Artist and former prison inmate Anthony Papa spent 12 years in prison for passing 4.5 oz. of cocaine in 1984. Addressing a small group of Princeton students Tuesday about the war on drugs, Papa called it "a war on people" and warned about the misuse of drug laws and the often disproportionate punishments they mandate.
"I'm not saying I shouldn't have gone to prison. I maybe should have done some time. Drugs are dangerous," he said. "What's more dangerous is the government interfering in your life when it shouldn't."
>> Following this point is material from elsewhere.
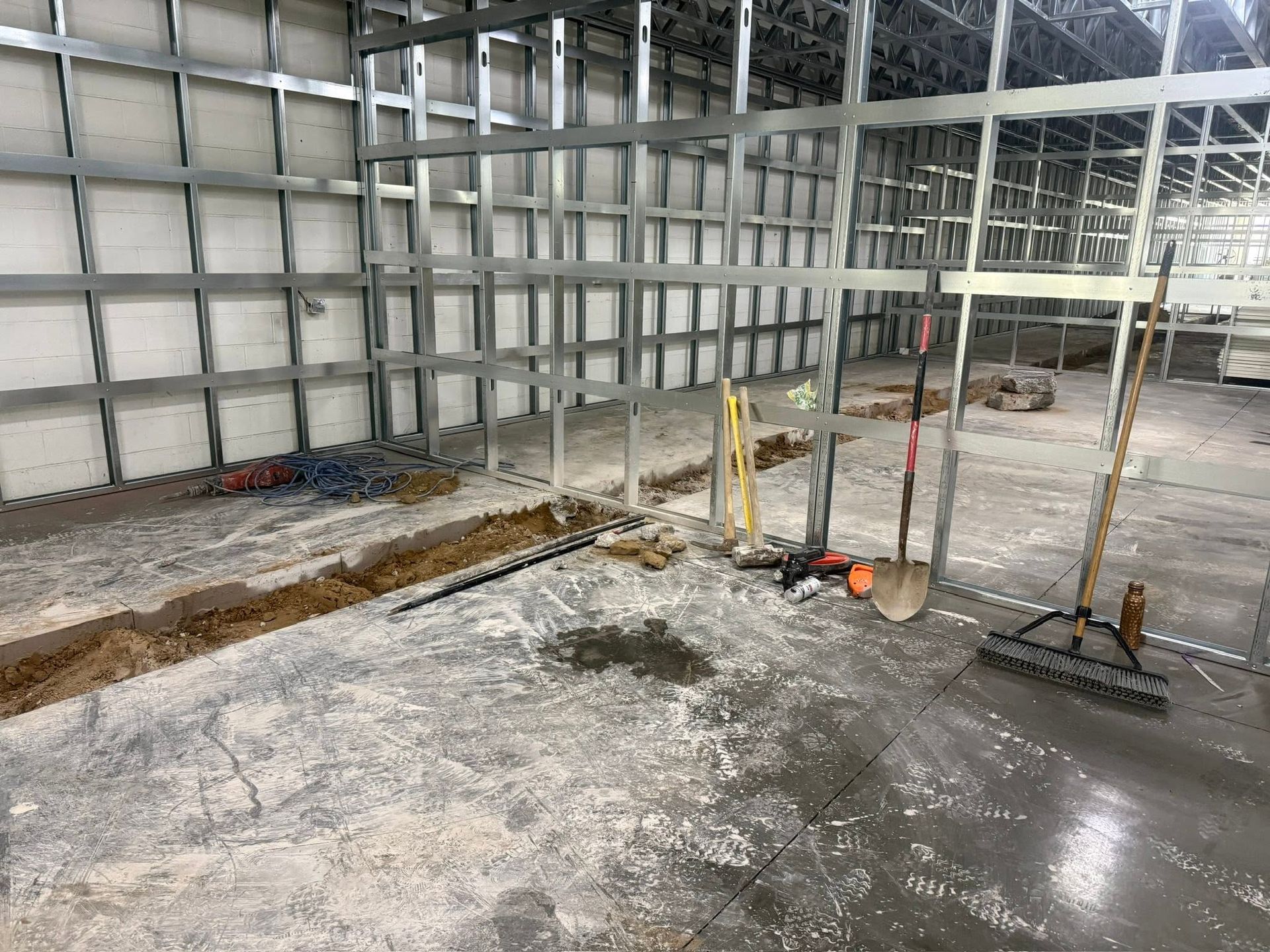 Construction site interior with wet concrete floor, metal wall framing, and tools near a trench.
Reona Kumagai '06, president of the Princeton chapter of Students for a Sensible Drug Policy — one of the groups that sponsored Papa's visit — argued against mandatory sentencing, saying that judges should make allowances for nonviolent and first-time offenders.
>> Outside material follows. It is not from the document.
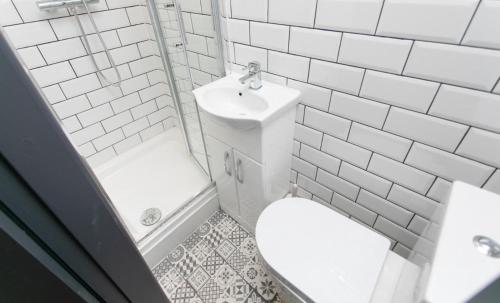 a white bathroom with a toilet and a sink at Room in a shared house Dean Street Coventry CV2 4FB in Coventry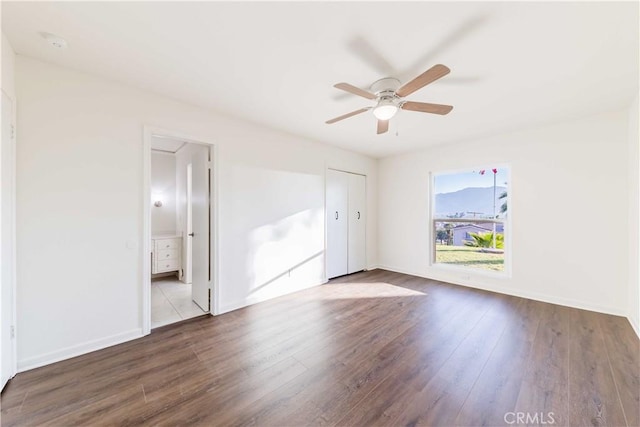 empty room featuring ceiling fan, wood finished floors, and baseboards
"Judges hate this. They think politicians are meddling in their duty," Kumagai said. "It partly comes from politicians trying to look tough on crime, because that's what they think people want."
Kumagai and Papa said that the Higher Education Act of 2000 denies financial aid to college students convicted of drug charges but makes no provisions about violent crimes such as rape and murder.
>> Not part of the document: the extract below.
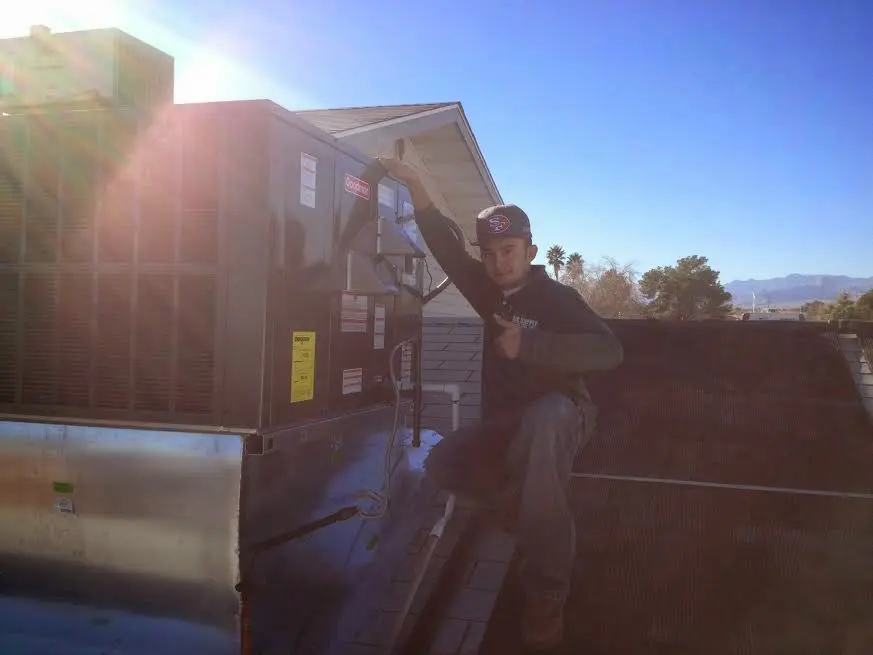 HVAC technician performing AC Tune-Up on a rooftop unit in Lewisboro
"If you smoke marijuana, you could lose your aid," Papa said. "This drug war really reaches the average citizen."
Kumagai explained that the war on drugs was intended to reduce the availability of drugs through harsher penalties. Papa added that drugs are still readily available, even in Sing Sing, the maximum-security prison in which he served.
"If you can't control drugs in a maximum-security prison, how can the government control drugs in a free society?" he said. Many people who enter prison relatively drug-free often become more involved while they are incarcerated, he added.
Nonetheless, Papa avoided drugs in prison and educated himself instead. He earned two degrees, discovered art and developed the political awareness to become an activist upon release in 1997.
Before his crime — his first offense — Papa described himself as "a regular Joe" who worked 12 hours a day installing radios. Desperate for money, he accepted an offer of $500 to deliver an envelope of cocaine to what turned out to be a police sting.
Now the founder of Mothers of the New York Disappeared — the largest activist group fighting the state's harsh Rockefeller Drug Laws, which were enacted in 1973 — he recalled how discovering art in prison ultimately saved his life.
"In 1988, I painted a self-portrait entitled '15 to Life,'" he said, referring to the minimum sentence the Rockefeller Laws required for drug offenders. "I picked up a mirror and saw an individual that was going to spend the most productive years of his life in a cage."

When the portrait ended up at the Whitney Museum of American Art seven years later, the resulting public sympathy on his behalf induced Governor George Pataki to grant Papa clemency.
"I literally painted my way out of prison," Papa said. "I discovered art as a weapon of the oppressed against the oppressors."